About this task:
Skip all pictures, then copy the lines from the start of the data through the line with "Neuro Coach: Coaching", keeping both ends.

[Crawled caption data]
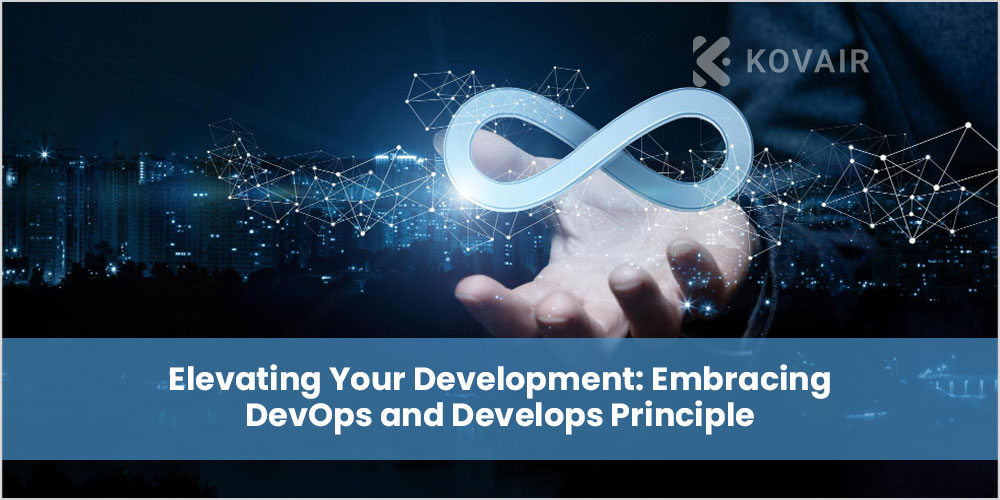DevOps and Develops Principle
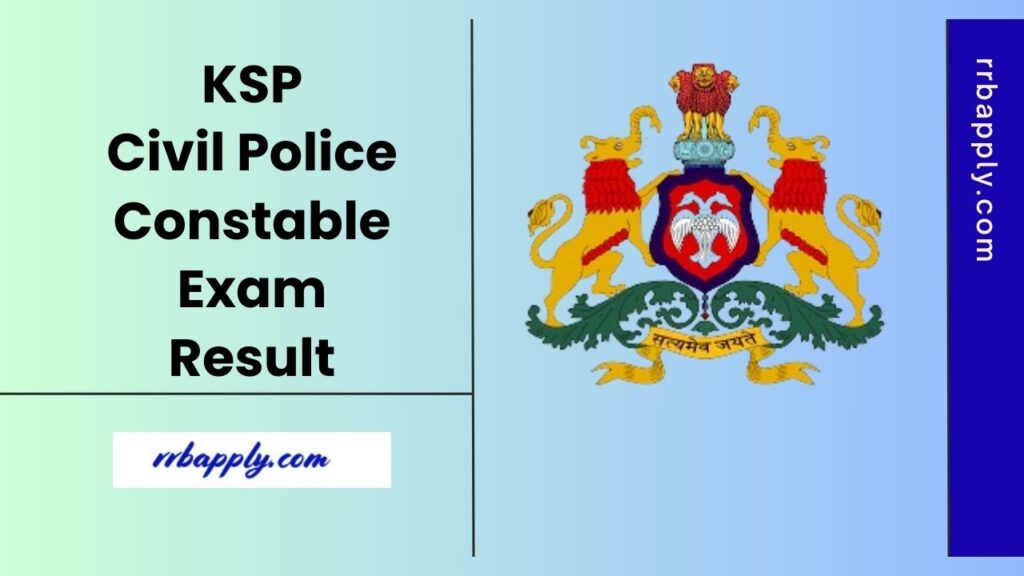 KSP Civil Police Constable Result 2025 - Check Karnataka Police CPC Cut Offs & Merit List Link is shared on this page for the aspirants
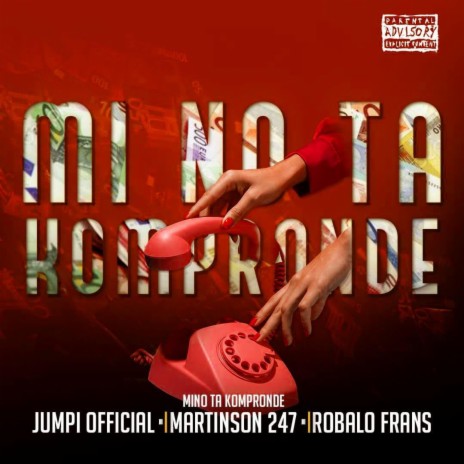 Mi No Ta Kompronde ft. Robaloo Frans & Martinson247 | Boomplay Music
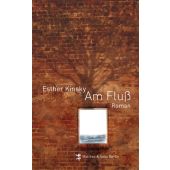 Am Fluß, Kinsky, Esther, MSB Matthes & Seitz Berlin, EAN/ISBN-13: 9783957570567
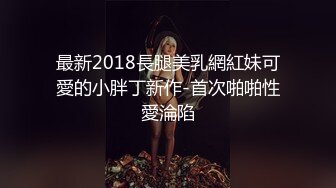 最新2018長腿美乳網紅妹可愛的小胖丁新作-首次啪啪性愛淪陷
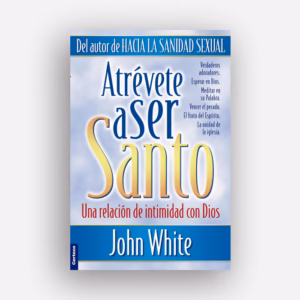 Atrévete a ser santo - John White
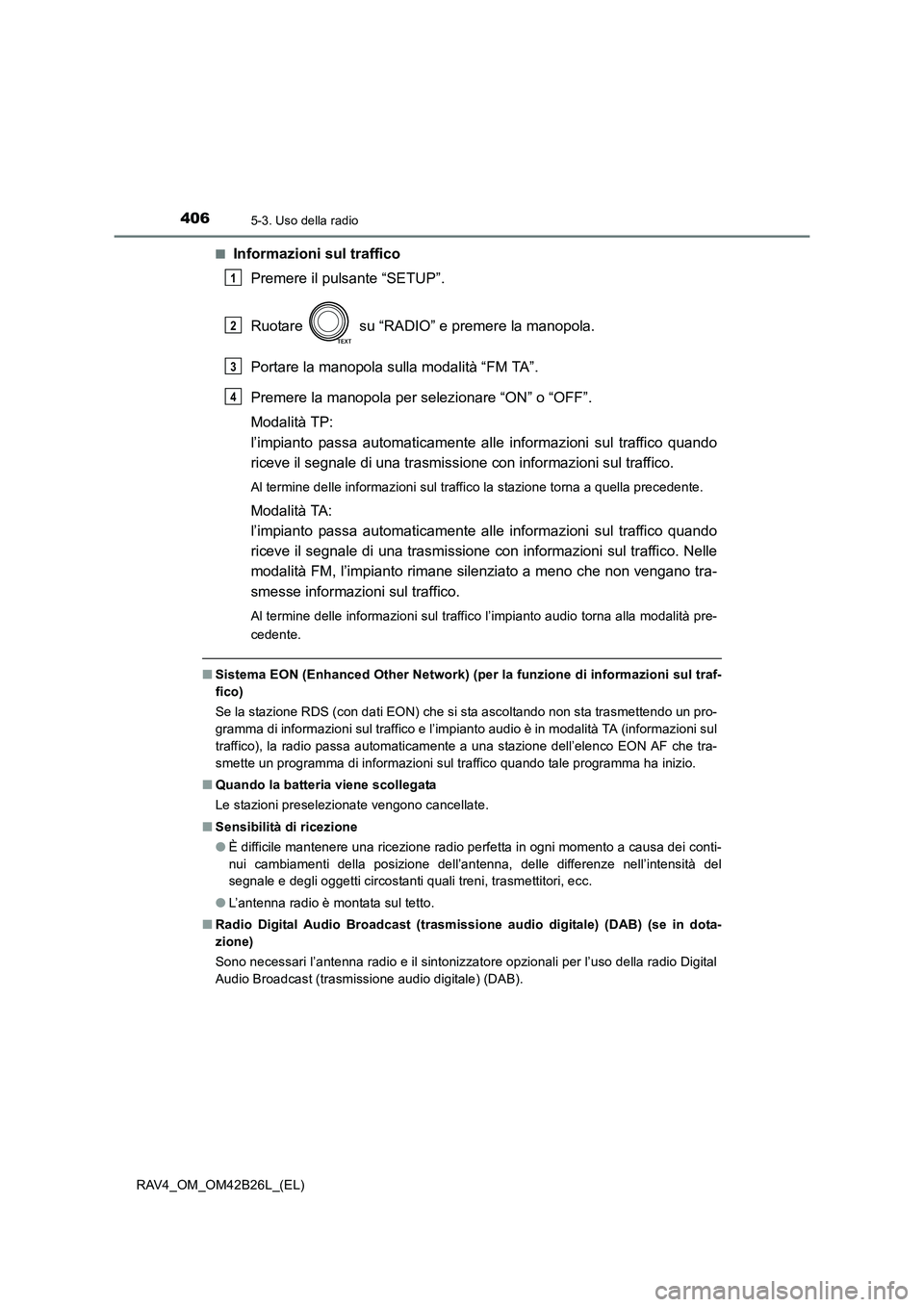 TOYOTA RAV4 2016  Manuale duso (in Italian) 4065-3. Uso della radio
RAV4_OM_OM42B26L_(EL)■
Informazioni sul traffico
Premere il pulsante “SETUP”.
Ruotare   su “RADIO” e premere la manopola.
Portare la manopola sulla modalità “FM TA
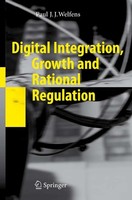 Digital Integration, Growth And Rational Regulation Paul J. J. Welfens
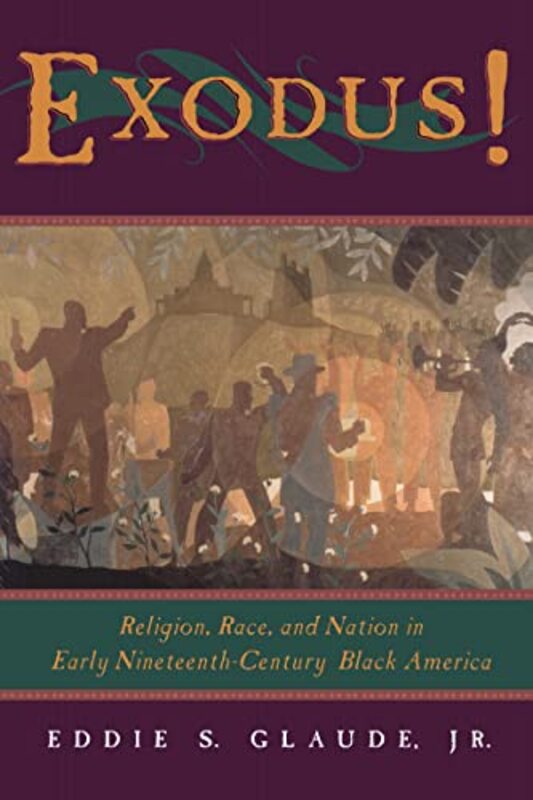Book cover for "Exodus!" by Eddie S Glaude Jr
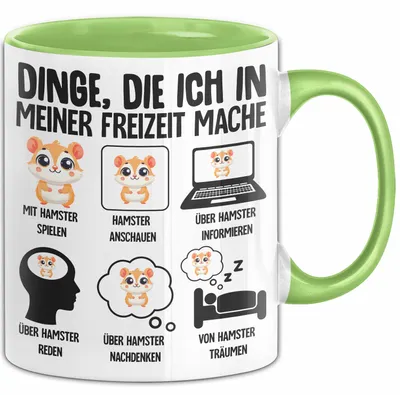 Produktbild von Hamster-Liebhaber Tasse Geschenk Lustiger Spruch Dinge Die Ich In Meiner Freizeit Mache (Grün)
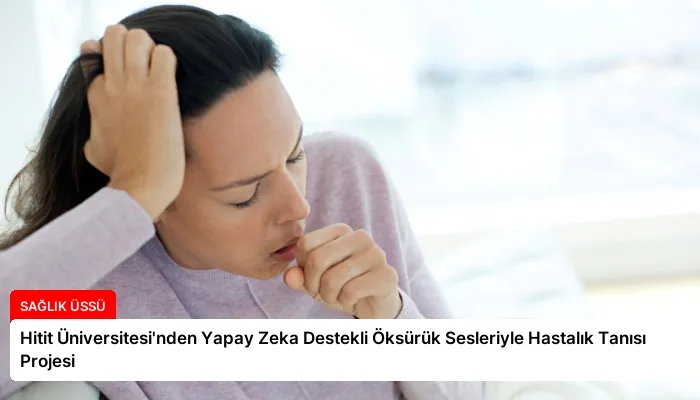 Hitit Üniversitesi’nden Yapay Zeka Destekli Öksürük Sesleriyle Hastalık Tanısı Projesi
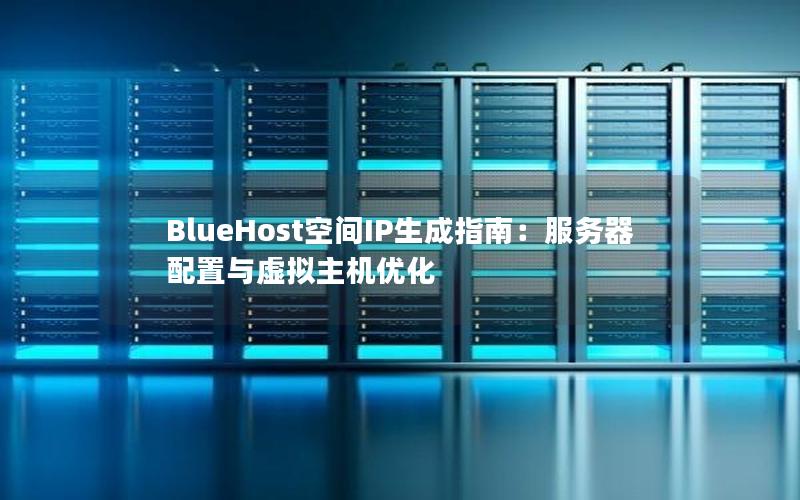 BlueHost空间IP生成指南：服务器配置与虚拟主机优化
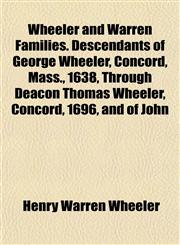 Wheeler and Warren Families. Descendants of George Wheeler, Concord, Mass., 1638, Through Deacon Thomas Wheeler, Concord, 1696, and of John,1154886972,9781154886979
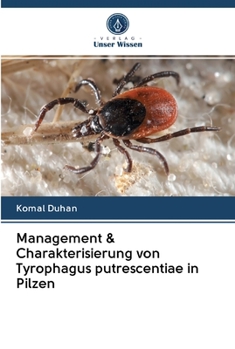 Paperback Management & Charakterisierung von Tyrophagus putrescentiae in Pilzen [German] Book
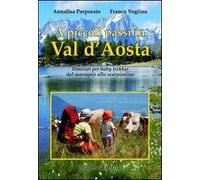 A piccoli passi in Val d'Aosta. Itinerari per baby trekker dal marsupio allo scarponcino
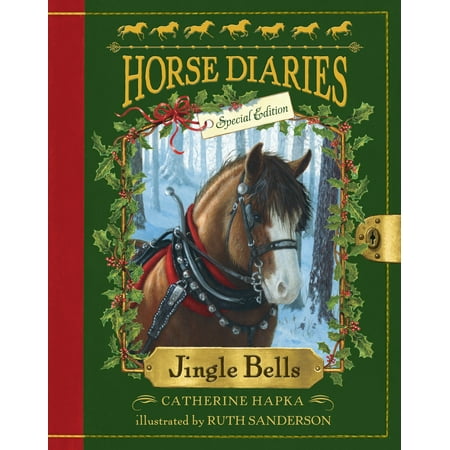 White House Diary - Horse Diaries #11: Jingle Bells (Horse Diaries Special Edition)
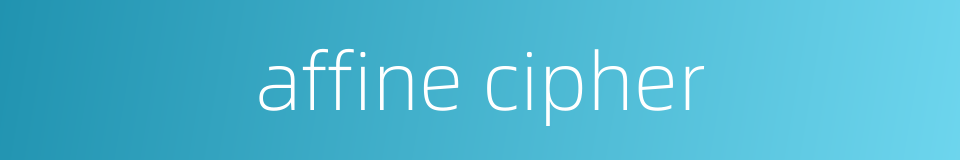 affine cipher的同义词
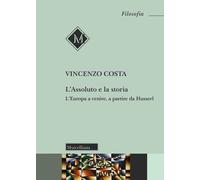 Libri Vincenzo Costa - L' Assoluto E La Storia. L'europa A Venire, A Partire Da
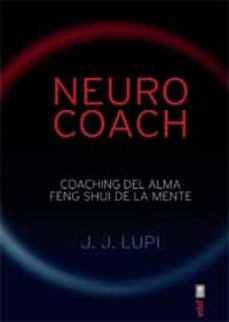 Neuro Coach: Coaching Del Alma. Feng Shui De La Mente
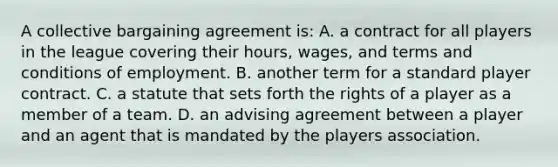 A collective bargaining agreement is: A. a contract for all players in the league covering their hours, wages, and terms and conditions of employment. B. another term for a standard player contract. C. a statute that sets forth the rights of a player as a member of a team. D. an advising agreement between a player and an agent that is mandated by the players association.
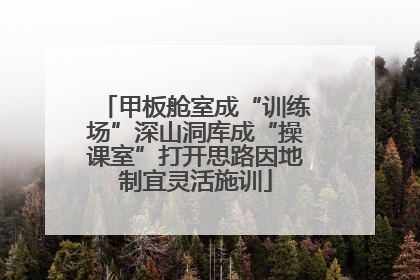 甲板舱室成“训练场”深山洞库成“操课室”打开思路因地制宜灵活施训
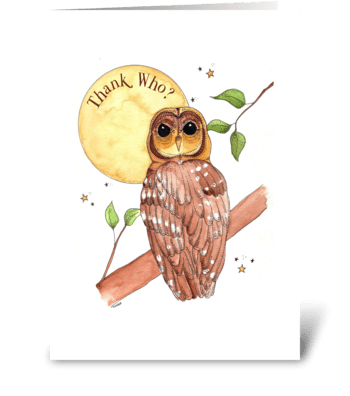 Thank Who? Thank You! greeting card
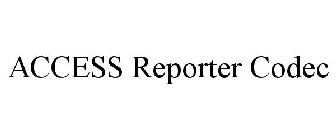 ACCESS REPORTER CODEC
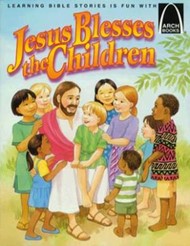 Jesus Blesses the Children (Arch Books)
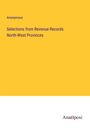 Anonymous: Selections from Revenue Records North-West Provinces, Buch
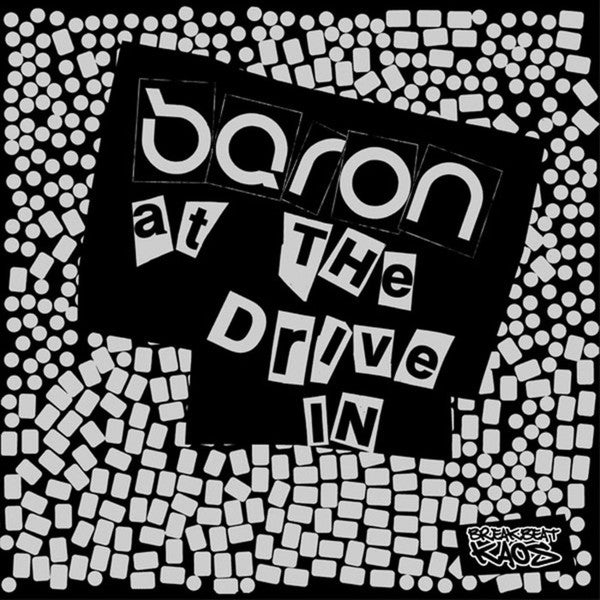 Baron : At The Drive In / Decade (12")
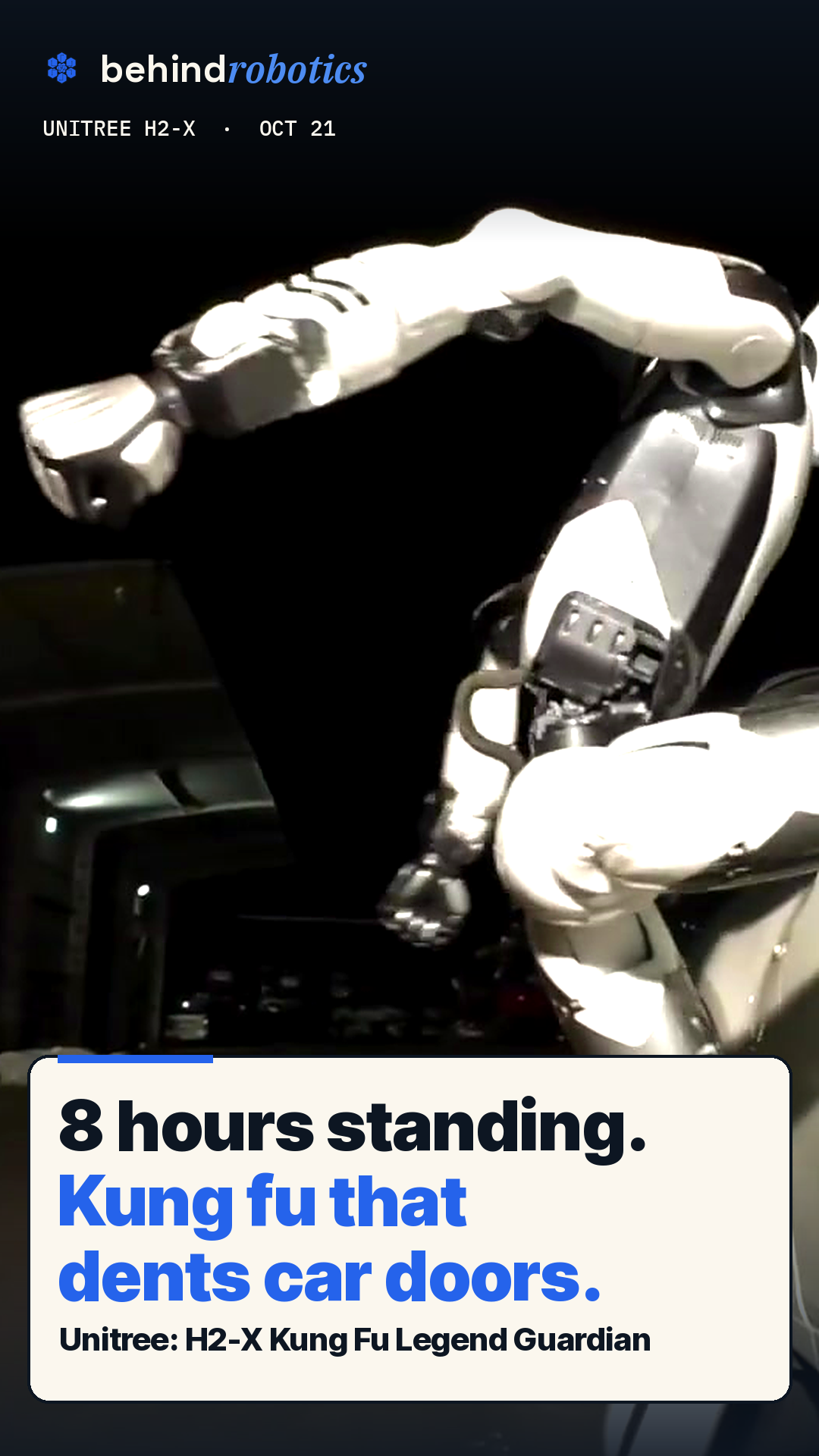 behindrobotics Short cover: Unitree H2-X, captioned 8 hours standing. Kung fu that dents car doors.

Written response:
DevOps and Develops Principle
 KSP Civil Police Constable Result 2025 - Check Karnataka Police CPC Cut Offs & Merit List Link is shared on this page for the aspirants
 Mi No Ta Kompronde ft. Robaloo Frans & Martinson247 | Boomplay Music
 Am Fluß, Kinsky, Esther, MSB Matthes & Seitz Berlin, EAN/ISBN-13: 9783957570567
 最新2018長腿美乳網紅妹可愛的小胖丁新作-首次啪啪性愛淪陷
 Atrévete a ser santo - John White
 TOYOTA RAV4 2016  Manuale duso (in Italian) 4065-3. Uso della radio
RAV4_OM_OM42B26L_(EL)■
Informazioni sul traffico
Premere il pulsante “SETUP”.
Ruotare   su “RADIO” e premere la manopola.
Portare la manopola sulla modalità “FM TA
 Digital Integration, Growth And Rational Regulation Paul J. J. Welfens
Book cover for "Exodus!" by Eddie S Glaude Jr
 Produktbild von Hamster-Liebhaber Tasse Geschenk Lustiger Spruch Dinge Die Ich In Meiner Freizeit Mache (Grün)
 Hitit Üniversitesi’nden Yapay Zeka Destekli Öksürük Sesleriyle Hastalık Tanısı Projesi
 BlueHost空间IP生成指南：服务器配置与虚拟主机优化
 Wheeler and Warren Families. Descendants of George Wheeler, Concord, Mass., 1638, Through Deacon Thomas Wheeler, Concord, 1696, and of John,1154886972,9781154886979
 Paperback Management & Charakterisierung von Tyrophagus putrescentiae in Pilzen [German] Book
 A piccoli passi in Val d'Aosta. Itinerari per baby trekker dal marsupio allo scarponcino
 White House Diary - Horse Diaries #11: Jingle Bells (Horse Diaries Special Edition)
 affine cipher的同义词
 Libri Vincenzo Costa - L' Assoluto E La Storia. L'europa A Venire, A Partire Da
 Neuro Coach: Coaching Del Alma. Feng Shui De La Mente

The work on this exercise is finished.